New York and Connecticut theater reviews and news

New York City Theater

"Betrayal"
Jacobs Theater

It may take two to tango but it obviously takes three for a triangle or, better, a ménage à trois. In director Jamie Lloyd’s insidious, corrosive, engrossing, icy revival of Harold Pinter’s provocative “Betrayal,” every twosome is silently observed by a third, often aggrieved, party. While Jerry, Robert’s best friend, is having a seven-year affair with Emma, Robert’s wife, it’s Robert himself who is the observant party, perhaps as eager to participate as he is to be a voyeur. That Emma and Jerry also observe actions they’re not directly involved in, is the mole-like undercurrent of the play. To see by the unseen informs this drama as it does much of Pinter’s work.

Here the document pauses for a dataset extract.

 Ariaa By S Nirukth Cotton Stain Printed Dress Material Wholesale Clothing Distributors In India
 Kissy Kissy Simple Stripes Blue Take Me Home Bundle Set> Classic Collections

Often focusing on male conflicts interrupted by female venom, Pinter was here inspired by his own seven-year affair with a TV personality while both were married to others. In the play, most of which is told backwards, beginning with the affair’s after-effects and proceeding to its initiation, even British understatement cannot hide the very real hurts the three characters experience, or the widening circle of deceit and sadness.

Lies are told with an offhand insouciance. Emma, a gallery owner, is the Eve in this Garden, coming between Robert, a publisher, and Jerry, a literary agent, even though Jerry instigates the liaison. Robert seems more upset that he’s lost a squash partner in Jerry rather than the latter is sleeping with his wife. “Betrayal” is as much about licentious one-upmanship as anything else.

When Emma asks to watch the men play squash, Robert says, “We wouldn’t actually want a woman around, would we, Jerry? I mean a game of squash isn’t simply a game of squash.” Then, later, to emphasize the game’s warrior aspects, “The man who wins buys the lunch.”

Tom Hiddleston’s Robert makes an effort to bury his anger under polite smiles and actions. But the anger is palpable: watch how he attacks food. As Emma, Zawe Ashton’s enigmatic facial expressions belie her feelings. Words are weapons, silences are freighted, a tablecloth is a symbol, her bare feet presage, what?, her desire for vulnerability?  As for Charlie Cox’s Jerry, he’s aggressive in a regressive way.

The three superb actors are frighteningly real in their contradictions: you want to shake them into consciousness. But you may not actually feel for them; in this production, with its minimal setting (a wall runs the length of upstage, two turntables slowly and mysteriously change perspectives, props are few), bare emotions are hidden.

Soutra Gilmour’s scenic and costume design smartly capture the play’s claustrophobia while Jon Clark’s lighting is alternately harsh and shadowy. Ben and Max Ringham’s sound design and composition are uncannily intimidating.

Jamie Lloyd’s direction is both disturbing and seemingly asexual. He and Pinter speak in code that, instead of being straightforward or circular, exists elliptically.